S&P Would Lower U.S. Credit Rating to D on Failure to Increase Debt Limit

Standard & Poor’s would cut the U.S. credit rating to its lowest level and Moody’s Investors Service said it will probably reduce its ranking if the government fails to increase the debt limit, leading to a default.

S&P would lower its sovereign top-level AAA ranking to D, the last rung on its scale if the U.S. can’t pay its debt, John Chambers, chairman of the company’s sovereign rating committee, said today. Moody’s said it would probably assign a position in the Aa range, or within three steps of its highest level.

“If any government doesn’t pay its debt on time, the rating of that government goes to D,” Chambers said today in an interview with Erik Schatzker on Bloomberg Television’s “Inside Track”. “Having said that, we think the government will raise the debt ceiling.
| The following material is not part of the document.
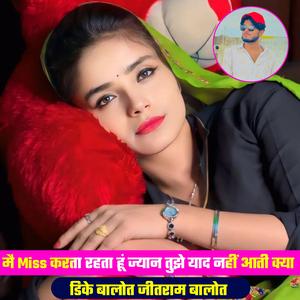 मे Miss करता हूं जान तुझे नहीं आती है क्या याद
They’ve raised it 78 times more or less since 1960, often at the last moment, and we think that will be the case this time.”

President Barack Obama, a Democrat, is trying to reach a compromise with Republican lawmakers who are seeking spending cuts before they agree to raise the nation’s borrowing limit, currently capped at $14.3 trillion. The Treasury has said it has until Aug. 2 before its ability to pay the U.S. debt expires.

One-year credit-default swaps are rising this year as investors seek insurance in case of a U.S. default.